The goddess who served as her guide was hardly displeased by the god taken by her furious lament, and so too did he respect her as the one who birthed the light he blighted. Seemingly ignoring their differences, they stood side by side, the Rikael in the burning hells, and Builledracht within the pleasant cabin. The wrong domains. And yet, the ones that were aesthetically most fitting.

Both had served as her teachers. Both had bolstered her magic, And both had lit her path.

Together, they smiled, and together, they extended their hands.

Allegra was finally ready.

Ready to face not only the life she led as Grand Magus, but the consequences of her long standing deception.

Ready to accept that she was the source of Virillius’ grief, the one who stole his joy and eroded his authority by framing him as a bloodthirsty monster.

Ready to admit that she had arranged for her own master’s death.

Constantius had certainly tamed her, but he had never issued any orders. It was just an excuse, something she could use to squirrel away her guilt and pretend that she was never responsible. That was why she had asked him to take control in the first place.

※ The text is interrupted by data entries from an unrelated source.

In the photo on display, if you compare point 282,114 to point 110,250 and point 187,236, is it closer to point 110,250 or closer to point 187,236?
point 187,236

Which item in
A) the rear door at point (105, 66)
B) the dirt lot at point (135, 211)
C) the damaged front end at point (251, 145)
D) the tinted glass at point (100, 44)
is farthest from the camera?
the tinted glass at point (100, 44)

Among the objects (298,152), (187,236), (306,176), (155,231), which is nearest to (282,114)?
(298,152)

She had only wanted to run away from what she needed to do, to shut out her feelings and claim that the fault was his, and to see him as evil to pretend that she was not.

There were no two ways about it.

Allegra was responsible for the war with Kryddar.

Allegra was responsible for Ferdinand’s fall.

Allegra was responsible for the curse laid on Violet, the cruel, twisted spell crafted carefully to resemble her chronic illness.

She finally stared down the facts.

And became the aspect of false fiction.